DATASET EXTRACT >>
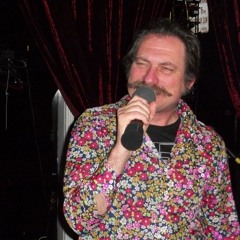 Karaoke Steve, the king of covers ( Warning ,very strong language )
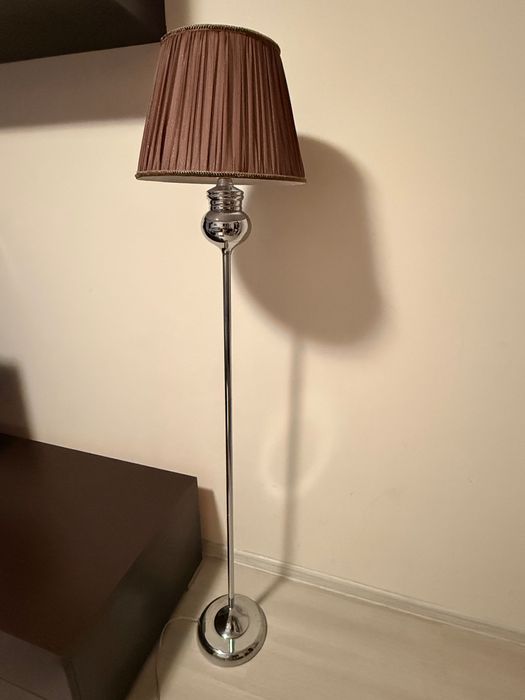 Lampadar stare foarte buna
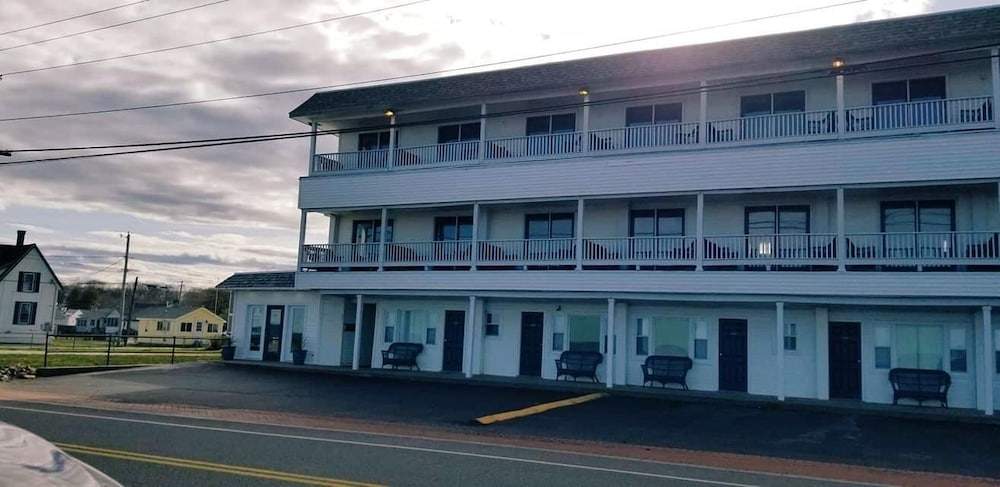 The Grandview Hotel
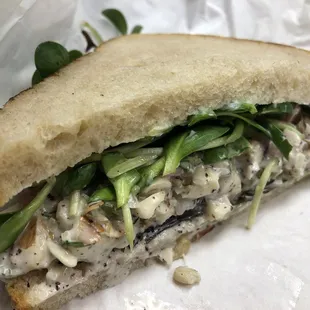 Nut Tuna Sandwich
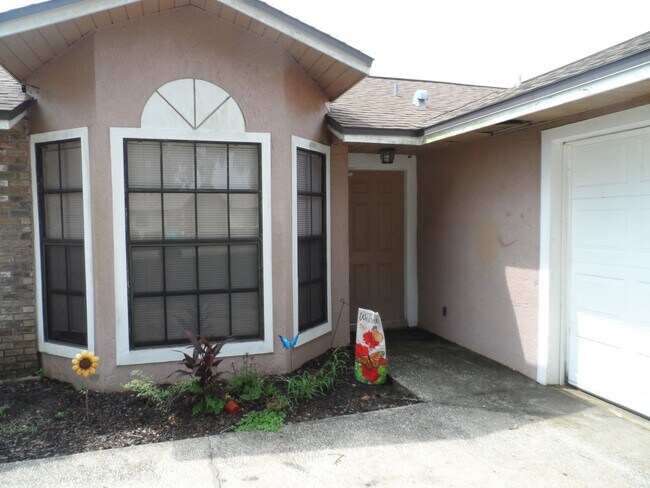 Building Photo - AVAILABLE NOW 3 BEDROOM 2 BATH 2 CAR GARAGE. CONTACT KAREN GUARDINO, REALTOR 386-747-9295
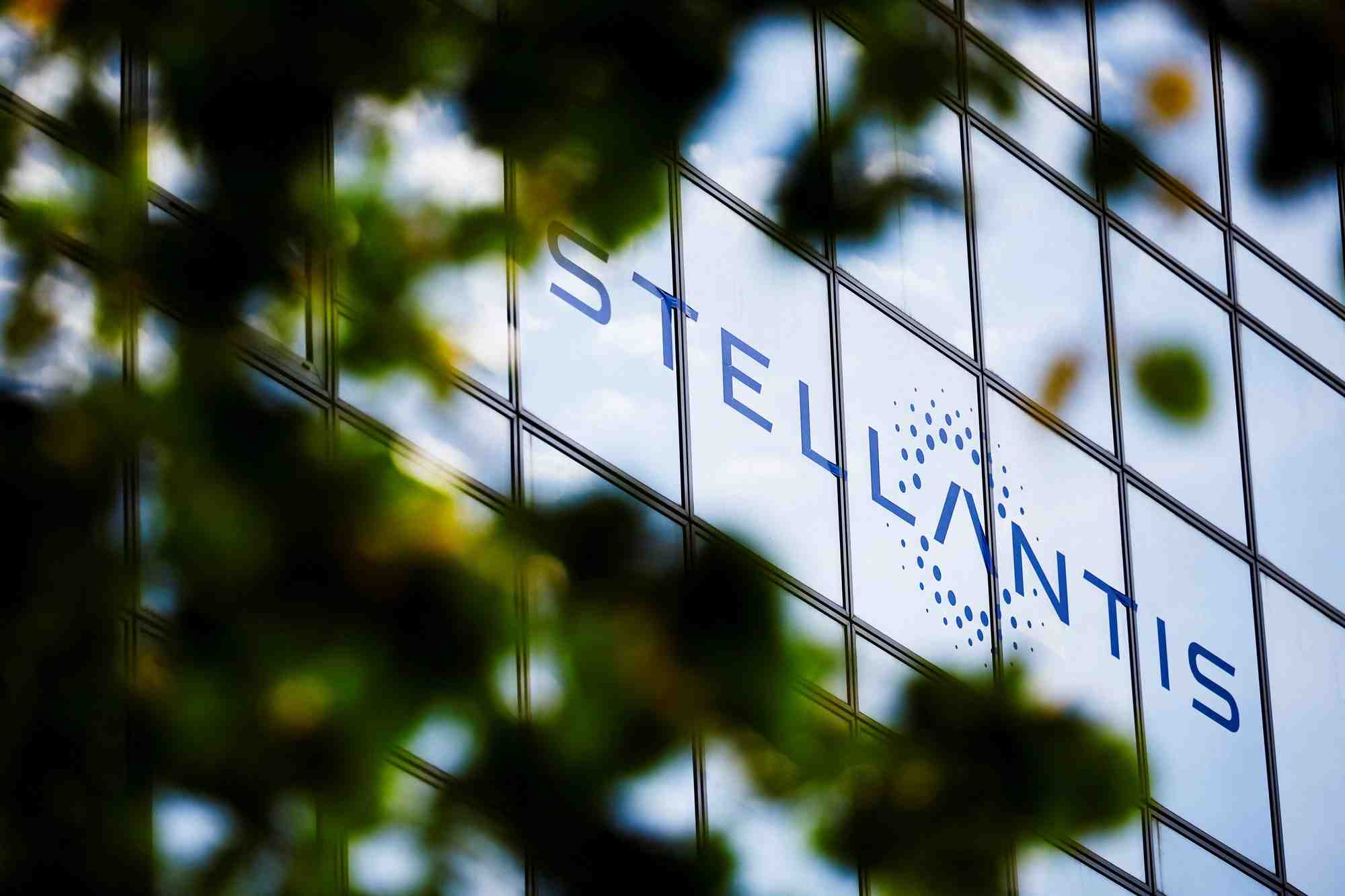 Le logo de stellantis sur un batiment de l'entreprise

ACTIVITY >>
Reproduce all of the data exactly; the pictures do not belong in the copy.

EXERCISE RESULT >>
 Karaoke Steve, the king of covers ( Warning ,very strong language )
 Lampadar stare foarte buna
 The Grandview Hotel
 Nut Tuna Sandwich
 Building Photo - AVAILABLE NOW 3 BEDROOM 2 BATH 2 CAR GARAGE. CONTACT KAREN GUARDINO, REALTOR 386-747-9295
 Le logo de stellantis sur un batiment de l'entreprise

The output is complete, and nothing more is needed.